Les initiatives populaires réservent de temps en temps des surprises. Ce n’est cependant pas ce que l’on peut dire du résultat des votations du 14 juin dernier sur un impôt fédéral sur les successions. Ce rejet annoncé fait suite à une longue série de défaites pour les partisans d’une redistribution accrue et de plus hauts impôts sur la fortune. Le rejet par le peuple de l’initiative 1:12, de l’initiative sur les salaires minimums et de la suppression de l’imposition forfaitaire va clairement dans ce sens.
Certains initiants étaient poussés par des considérations ayant trait à la jalousie : ils préféreraient une Suisse plus pauvre dans son ensemble, mais plus égalitaire. Mais de nombreux sympathisants de telle ou telle initiative étaient avant tout préoccupés par l’amélioration du sort des ménages avec un revenu modeste. Ces forces «progressistes» sont certainement découragées par cette nouvelle défaite – mais il reste d’autres possibilités. Le pouvoir d’achat des ménages à revenu modeste peut aussi être augmenté d’une façon libérale, sans nouvelles taxes. Quatre mesures concrètes à cet effet:
- Diminuer la protection de l’agriculture: en Suisse, les 20% des ménages les plus pauvres dépensent 13% de leur revenu pour l’alimentation, presque deux fois plus que la moyenne des ménages. Mais dans presqu’aucun autre pays (sauf la Norvège et le Japon) la protection de l’agriculture n’est aussi forte. Les droits de douane à l’importation font grimper le coût de la vie. En raison de ce protectionnisme, les prix payés aux producteurs nationaux sont près de 50% plus élevés que ceux des importations. Les moins bien lotis bénéficieraient donc plus que proportionnellement d’une baisse du prix de l’alimentation. Il n’y a guère de politique aussi antisociale que notre politique agricole. Mais cela ne touche que très peu le lobby des paysans: après la presque-abrogation du principe du Cassis de Dijon, la menace d’une nouvelle vague de renchérissement des produits alimentaires nationaux se dessine déjà avec l’initiative «pour la sécurité alimentaire».
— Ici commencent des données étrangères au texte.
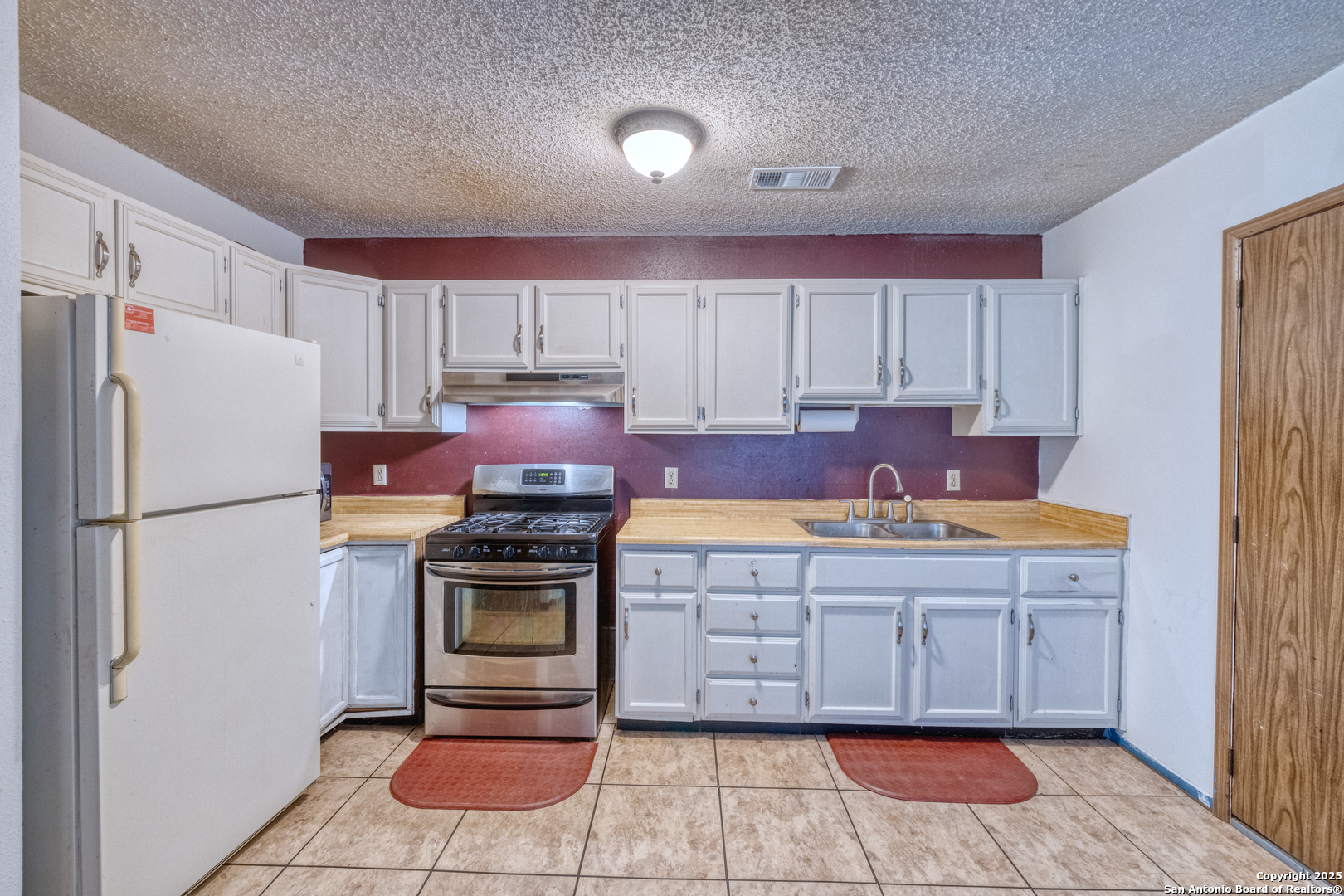 313 Bohme Street Uvalde, TX 78801 - Photo 7 of 23 a kitchen with kitchen island granite countertop a stove a sink and a refrigerator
- Construire plus de logements: les 20% des ménages les plus modestes dépense près de 30% du revenu pour le logement, soit 10 points de pourcentage de plus que la moyenne. De récentes études internationales montrent que la hausse des prix des terrains et de l’immobilier contribue le plus au renforcement des inégalités de patrimoine. Qui s’oppose à la densification des villes soutient donc les hauts loyers. Cela vaut aussi pour les partisans d’une protection extrême de l’environnement qui s’érigent contre toute nouvelle reclassification de terrain constructible – même si les déclassements sont planifiés à proximité immédiate des grandes agglomérations et qu’ils ne contribuent guère au mitage du paysage.
- Eviter une politique fiscale paternaliste: l’aspiration à une société vertueuse laisse des traces dans le budget. Les taxes sur l’alcool et le tabac ainsi que les coûts liés à la prévention de la dépendance au jeu grèvent excessivement les faibles revenus. Selon l’enquête sur la consommation de l’Office fédéral de la statistique, les 10% les plus pauvres dépensent trois fois plus en pourcentage que les 10% les plus riches pour ces «vices» fortement taxés. Les esprits se disputent à propos de l‘effet de ces prélèvements – la proportion des fumeurs est restée pratiquement inchangée ces 20 dernières années.
- Ne pas réduire l’immigration: des études ont montré que la forte immigration de travailleurs hautement qualifiés en Suisse a une influence globale positive sur les bas salaires. La pression salariale – s’il y en a – se rencontre plutôt parmi les nationaux hautement qualifiés. L’immigration récente a donc soutenu les faibles revenus. Ceci n’est pas tant à rapporter à des «mesures d‘accompagnement» discutables, mais bien plus à la complémentarité entre les immigrés et les personnes peu qualifiées. En clair: si le nombre d’ingénieurs français augmente en Suisse, la demande en services augmente pour les chauffeurs de taxi, les ouvriers du bâtiment et le personnel de vente. Ceux-ci auraient le plus à perdre en cas de limitation de l’immigration.
Ce ne sont que quelques-unes des nombreuses mesures possibles pour améliorer sensiblement la situation des ménages à faible revenu sans hausse du versement de compensations. C’est un paradoxe que les cercles qui se prétendent défenseurs des intérêts des milieux défavorisés soient souvent les mêmes à se montrer sceptiques face à l’abandon du protectionnisme agricole, la densification accrue ou des libéralisations réduisant les coûts. D’aucuns parleraient même de contradiction.